Available data:
-=-=-

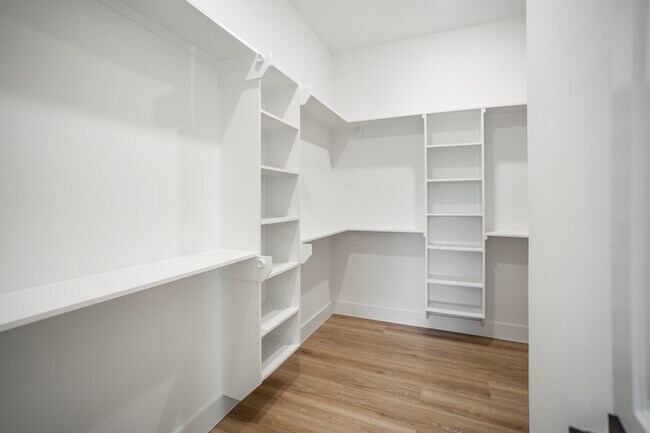 Building Photo - 4201 Oats St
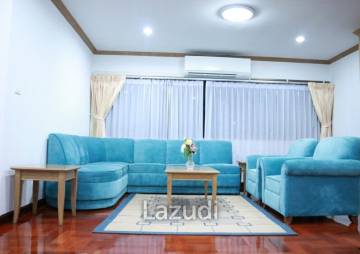 3 Bed 2 Bath 236 SQ.M Baan Arthit Apartment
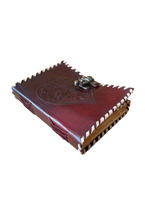 Cahier cousu latéral à couverture rigide en cuir véritable gaufré avec belle conception de cœur avec papiers d'art en laiton antique C-Lock et Deckle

-=-=-

Problem to solve:
Output the line containing "3 Bed 2 Bath 236 SQ.M Baan Arthit Apartment" and each line after it, through the end of the material, exactly as given. No pictures belong in the output.

Result:
 3 Bed 2 Bath 236 SQ.M Baan Arthit Apartment
 Cahier cousu latéral à couverture rigide en cuir véritable gaufré avec belle conception de cœur avec papiers d'art en laiton antique C-Lock et Deckle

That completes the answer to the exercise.